Review By: Gordon K. Smith
Kristen Wiig is currently being declared the next big thing, the new Tina Fey, Lucille Ball, Judy Holliday, etc., in the sadly short list of great film comediennes. I’ve had a harder time warming up to her, mostly because I find most of the characters she’s given to play on “Saturday Night Live” as irritating/grotesque/pointless as the skits in which they’re featured (and face it, after their rebirth in political humor of the last couple of years, SNL has pretty much gone back to bad skits — maybe in 2012 they get to be funny again). She’s been okay, if underused, in the limited roles in which I’ve seen her, such as Walk Hard or MacGruber, but she needed her own starring vehicle to earn her comedy stripes.
She gets it with Bridesmaids, performing triple duty as star, co-producer and co-writer (with her former Groundlings comrade Annie Mumolo, who has a cameo). Wiig earns A’s for all of the above. For comedy rauncheteer Judd Apatow, producer of 40 Year Old Virgin, Superbad, Forgetting Sarah Marshall and Knocked Up (the latter two featuring Wiig), this is his ultimate “Girls Gone Wild”, a chance for the ladies to go beyond the supporting roles of his earlier films and beyond the usual standards of chick-flick/rom-com humor. They get to be both down-center and down-and-dirty in Bridesmaids, and do to female bonding what Apatow’s been doing to male bonding for years.

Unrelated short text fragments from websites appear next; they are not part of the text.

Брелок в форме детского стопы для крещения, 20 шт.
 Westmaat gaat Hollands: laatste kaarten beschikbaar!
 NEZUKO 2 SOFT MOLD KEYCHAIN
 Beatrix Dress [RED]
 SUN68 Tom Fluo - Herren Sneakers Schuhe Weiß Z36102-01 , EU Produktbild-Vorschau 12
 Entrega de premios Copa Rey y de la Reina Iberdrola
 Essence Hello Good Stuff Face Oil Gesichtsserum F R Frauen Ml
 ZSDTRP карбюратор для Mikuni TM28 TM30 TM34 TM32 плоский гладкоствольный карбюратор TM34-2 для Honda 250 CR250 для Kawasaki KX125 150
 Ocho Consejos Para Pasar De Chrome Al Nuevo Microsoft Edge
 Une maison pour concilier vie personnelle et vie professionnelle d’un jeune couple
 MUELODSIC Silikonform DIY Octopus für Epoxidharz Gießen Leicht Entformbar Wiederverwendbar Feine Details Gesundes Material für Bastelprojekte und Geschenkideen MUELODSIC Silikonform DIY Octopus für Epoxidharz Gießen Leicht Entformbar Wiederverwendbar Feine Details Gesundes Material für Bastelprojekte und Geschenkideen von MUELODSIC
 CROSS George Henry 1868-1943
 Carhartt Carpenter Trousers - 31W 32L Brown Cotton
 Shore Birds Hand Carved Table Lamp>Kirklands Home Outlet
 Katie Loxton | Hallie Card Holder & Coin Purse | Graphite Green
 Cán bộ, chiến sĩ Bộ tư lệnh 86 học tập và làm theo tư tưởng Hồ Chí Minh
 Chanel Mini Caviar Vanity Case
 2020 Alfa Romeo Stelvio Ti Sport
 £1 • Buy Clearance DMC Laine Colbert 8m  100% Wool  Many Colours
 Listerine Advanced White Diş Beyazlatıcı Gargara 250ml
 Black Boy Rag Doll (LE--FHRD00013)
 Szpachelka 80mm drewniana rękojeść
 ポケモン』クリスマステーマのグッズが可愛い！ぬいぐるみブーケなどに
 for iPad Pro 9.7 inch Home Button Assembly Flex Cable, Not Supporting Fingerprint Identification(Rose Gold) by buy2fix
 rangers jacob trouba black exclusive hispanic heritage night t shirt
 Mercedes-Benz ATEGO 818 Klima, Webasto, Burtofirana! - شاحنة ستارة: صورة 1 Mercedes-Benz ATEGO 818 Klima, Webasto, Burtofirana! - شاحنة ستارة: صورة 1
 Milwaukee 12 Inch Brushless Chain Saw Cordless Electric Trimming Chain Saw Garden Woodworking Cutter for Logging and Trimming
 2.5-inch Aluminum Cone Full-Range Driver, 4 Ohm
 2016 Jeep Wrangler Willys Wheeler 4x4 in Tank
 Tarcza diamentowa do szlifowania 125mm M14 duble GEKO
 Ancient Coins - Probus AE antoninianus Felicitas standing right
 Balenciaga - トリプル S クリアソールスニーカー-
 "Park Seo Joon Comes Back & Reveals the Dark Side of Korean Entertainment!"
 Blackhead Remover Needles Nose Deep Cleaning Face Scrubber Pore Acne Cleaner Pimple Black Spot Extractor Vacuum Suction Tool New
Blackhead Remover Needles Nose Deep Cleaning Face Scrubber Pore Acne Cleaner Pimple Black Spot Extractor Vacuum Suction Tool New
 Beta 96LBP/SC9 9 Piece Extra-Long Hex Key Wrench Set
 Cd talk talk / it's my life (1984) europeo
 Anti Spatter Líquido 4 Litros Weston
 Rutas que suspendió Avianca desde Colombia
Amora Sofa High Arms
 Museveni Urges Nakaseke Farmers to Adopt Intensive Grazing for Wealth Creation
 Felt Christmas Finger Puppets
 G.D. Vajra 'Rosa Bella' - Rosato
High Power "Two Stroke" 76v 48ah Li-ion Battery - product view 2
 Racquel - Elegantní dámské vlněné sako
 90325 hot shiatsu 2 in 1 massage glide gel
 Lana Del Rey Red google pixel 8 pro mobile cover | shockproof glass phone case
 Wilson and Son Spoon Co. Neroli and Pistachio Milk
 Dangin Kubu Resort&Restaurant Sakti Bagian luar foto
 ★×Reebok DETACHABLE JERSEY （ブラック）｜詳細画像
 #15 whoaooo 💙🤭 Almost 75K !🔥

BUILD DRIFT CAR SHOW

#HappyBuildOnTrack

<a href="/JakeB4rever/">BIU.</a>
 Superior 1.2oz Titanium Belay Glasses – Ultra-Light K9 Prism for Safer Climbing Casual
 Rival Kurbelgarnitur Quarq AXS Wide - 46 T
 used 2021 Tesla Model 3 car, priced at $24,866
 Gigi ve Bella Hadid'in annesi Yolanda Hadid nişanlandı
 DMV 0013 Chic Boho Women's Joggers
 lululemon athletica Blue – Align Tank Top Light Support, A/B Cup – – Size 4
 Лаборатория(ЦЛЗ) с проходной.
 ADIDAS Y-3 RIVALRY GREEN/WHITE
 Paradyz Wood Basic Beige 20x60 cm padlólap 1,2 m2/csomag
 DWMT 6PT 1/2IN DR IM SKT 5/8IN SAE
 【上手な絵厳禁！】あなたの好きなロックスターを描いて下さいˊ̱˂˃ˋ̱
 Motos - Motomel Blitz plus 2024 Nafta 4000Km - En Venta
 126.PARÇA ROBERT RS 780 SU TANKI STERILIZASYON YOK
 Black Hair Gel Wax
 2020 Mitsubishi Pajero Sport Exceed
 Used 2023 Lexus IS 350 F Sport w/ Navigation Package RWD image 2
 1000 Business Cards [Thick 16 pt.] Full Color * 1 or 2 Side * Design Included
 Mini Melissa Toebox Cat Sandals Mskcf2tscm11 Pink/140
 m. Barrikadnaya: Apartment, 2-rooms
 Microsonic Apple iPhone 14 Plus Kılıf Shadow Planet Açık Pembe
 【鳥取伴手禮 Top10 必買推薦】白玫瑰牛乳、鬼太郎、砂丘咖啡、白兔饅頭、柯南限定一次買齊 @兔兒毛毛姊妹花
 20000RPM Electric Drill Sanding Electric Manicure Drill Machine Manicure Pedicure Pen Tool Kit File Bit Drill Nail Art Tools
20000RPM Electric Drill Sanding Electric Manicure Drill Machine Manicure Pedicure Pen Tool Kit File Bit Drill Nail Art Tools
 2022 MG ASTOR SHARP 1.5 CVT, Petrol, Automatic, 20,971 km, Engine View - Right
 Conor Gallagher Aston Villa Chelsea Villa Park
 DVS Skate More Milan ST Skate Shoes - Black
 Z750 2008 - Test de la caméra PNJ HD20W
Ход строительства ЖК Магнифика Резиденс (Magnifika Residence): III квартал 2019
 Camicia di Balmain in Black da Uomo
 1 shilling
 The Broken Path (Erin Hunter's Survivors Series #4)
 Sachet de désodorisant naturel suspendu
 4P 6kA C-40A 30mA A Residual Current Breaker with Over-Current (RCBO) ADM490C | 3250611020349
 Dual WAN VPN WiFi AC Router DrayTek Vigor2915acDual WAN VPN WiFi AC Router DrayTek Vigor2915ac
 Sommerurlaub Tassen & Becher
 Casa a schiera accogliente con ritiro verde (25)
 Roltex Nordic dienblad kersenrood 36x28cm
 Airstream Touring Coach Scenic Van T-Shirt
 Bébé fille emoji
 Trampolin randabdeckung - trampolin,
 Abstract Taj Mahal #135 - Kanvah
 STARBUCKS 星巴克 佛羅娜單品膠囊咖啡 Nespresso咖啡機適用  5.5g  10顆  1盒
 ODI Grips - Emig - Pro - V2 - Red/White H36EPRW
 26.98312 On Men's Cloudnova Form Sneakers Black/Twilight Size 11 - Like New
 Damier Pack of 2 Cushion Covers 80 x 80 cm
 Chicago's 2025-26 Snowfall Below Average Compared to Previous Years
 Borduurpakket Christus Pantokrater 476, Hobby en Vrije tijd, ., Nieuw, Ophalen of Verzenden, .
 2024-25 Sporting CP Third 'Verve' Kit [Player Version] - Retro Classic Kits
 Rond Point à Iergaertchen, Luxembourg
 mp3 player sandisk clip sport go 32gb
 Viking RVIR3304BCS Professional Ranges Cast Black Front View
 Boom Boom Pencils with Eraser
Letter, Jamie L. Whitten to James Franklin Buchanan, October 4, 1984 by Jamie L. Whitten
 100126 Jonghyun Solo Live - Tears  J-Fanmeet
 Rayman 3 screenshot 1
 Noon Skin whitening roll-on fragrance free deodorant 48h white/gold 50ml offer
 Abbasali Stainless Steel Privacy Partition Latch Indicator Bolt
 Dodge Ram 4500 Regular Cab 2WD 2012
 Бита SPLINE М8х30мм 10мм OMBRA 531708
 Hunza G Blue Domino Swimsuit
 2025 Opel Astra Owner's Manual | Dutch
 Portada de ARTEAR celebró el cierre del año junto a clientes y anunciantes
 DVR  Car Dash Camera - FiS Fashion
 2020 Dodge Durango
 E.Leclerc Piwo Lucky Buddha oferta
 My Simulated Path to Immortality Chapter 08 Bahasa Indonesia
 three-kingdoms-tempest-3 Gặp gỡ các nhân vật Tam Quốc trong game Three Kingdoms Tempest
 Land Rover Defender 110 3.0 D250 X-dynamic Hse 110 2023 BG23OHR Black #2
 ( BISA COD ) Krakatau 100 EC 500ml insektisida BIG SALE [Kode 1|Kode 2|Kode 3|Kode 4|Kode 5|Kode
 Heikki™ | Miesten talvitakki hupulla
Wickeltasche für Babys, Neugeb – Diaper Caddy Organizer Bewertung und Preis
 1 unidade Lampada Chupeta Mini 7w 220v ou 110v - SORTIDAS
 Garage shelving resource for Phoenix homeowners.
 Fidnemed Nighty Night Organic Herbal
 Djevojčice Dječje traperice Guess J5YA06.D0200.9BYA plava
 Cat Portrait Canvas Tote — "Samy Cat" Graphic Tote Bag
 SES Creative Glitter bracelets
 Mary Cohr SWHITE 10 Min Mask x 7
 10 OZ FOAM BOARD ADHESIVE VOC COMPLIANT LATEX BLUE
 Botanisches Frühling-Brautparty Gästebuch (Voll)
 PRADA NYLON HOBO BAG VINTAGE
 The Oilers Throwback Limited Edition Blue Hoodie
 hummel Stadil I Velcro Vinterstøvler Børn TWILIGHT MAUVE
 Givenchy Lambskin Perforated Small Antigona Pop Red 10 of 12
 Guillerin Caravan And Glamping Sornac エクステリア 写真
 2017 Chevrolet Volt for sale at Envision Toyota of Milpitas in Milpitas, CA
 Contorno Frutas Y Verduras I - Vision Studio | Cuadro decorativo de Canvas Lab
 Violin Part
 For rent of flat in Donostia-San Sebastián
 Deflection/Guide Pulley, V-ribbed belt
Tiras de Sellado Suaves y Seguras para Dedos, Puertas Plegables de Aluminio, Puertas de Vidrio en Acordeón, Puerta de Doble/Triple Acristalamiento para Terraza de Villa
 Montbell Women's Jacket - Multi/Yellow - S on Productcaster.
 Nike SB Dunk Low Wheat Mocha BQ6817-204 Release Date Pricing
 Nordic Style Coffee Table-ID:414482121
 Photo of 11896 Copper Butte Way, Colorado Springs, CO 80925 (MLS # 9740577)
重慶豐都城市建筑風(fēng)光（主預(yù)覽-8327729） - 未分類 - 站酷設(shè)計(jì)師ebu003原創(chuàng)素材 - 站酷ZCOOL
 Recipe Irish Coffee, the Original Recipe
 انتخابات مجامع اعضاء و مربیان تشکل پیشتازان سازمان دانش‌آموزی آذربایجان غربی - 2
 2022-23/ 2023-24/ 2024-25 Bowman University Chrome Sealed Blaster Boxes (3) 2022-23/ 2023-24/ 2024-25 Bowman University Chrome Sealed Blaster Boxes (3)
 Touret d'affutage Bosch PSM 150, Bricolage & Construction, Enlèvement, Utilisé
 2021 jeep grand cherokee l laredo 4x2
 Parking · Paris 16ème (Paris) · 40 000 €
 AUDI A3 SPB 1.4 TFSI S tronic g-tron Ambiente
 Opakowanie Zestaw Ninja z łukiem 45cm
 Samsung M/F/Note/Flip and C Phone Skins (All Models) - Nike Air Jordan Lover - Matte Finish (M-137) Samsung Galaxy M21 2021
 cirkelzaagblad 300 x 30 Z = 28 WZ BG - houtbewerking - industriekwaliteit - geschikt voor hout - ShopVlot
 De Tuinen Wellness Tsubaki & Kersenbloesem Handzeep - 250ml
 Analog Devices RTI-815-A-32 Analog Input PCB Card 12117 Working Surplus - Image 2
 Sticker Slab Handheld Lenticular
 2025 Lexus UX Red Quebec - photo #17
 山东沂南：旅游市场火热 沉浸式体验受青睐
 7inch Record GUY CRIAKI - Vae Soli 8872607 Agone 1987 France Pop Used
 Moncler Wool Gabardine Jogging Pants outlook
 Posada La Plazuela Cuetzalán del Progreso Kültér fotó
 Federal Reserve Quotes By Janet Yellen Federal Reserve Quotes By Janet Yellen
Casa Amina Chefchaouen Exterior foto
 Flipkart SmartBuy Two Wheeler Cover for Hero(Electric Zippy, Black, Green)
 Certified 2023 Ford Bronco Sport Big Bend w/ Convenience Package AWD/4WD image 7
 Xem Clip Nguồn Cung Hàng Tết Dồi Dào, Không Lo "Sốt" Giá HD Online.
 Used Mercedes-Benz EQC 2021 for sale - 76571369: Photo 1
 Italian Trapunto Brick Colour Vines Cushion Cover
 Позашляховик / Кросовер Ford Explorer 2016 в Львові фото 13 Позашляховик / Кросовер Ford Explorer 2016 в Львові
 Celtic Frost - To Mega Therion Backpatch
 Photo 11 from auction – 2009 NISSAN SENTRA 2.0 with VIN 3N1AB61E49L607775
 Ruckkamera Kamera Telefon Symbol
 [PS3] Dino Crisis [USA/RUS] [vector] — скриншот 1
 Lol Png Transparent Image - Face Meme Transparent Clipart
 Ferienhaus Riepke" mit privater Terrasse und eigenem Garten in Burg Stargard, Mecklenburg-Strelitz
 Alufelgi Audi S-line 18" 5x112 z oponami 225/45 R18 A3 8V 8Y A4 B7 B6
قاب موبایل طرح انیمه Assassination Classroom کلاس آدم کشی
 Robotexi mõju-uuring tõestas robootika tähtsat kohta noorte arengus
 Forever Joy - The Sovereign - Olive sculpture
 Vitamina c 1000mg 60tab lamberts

Wiig is Annie, a slightly neurotic Milwaukee more-or-less single, having a perpetual bad-hair day. She’s lost her bakery business, her friend-with-benefits (an uncredited Jon Hamm trashing his Don Draper image) won’t commit to anything, her best friend Lillian (Maya Rudolph) is getting married and naturally wants Annie as her maid of honor. What should be an uplifting gig for Annie starts heading south when she meets her nemesis, the all-too-perfect fellow bridesmaid Helen (the Aussie stunner Rose Byrne). The resulting struggle of wills and class (high vs. low) between these two is the setup, but the other three “maids” — Ellie Kemper (“The Office”), Melissa McCarthy, and Wendy McLendon-Covey, all get their moments as well.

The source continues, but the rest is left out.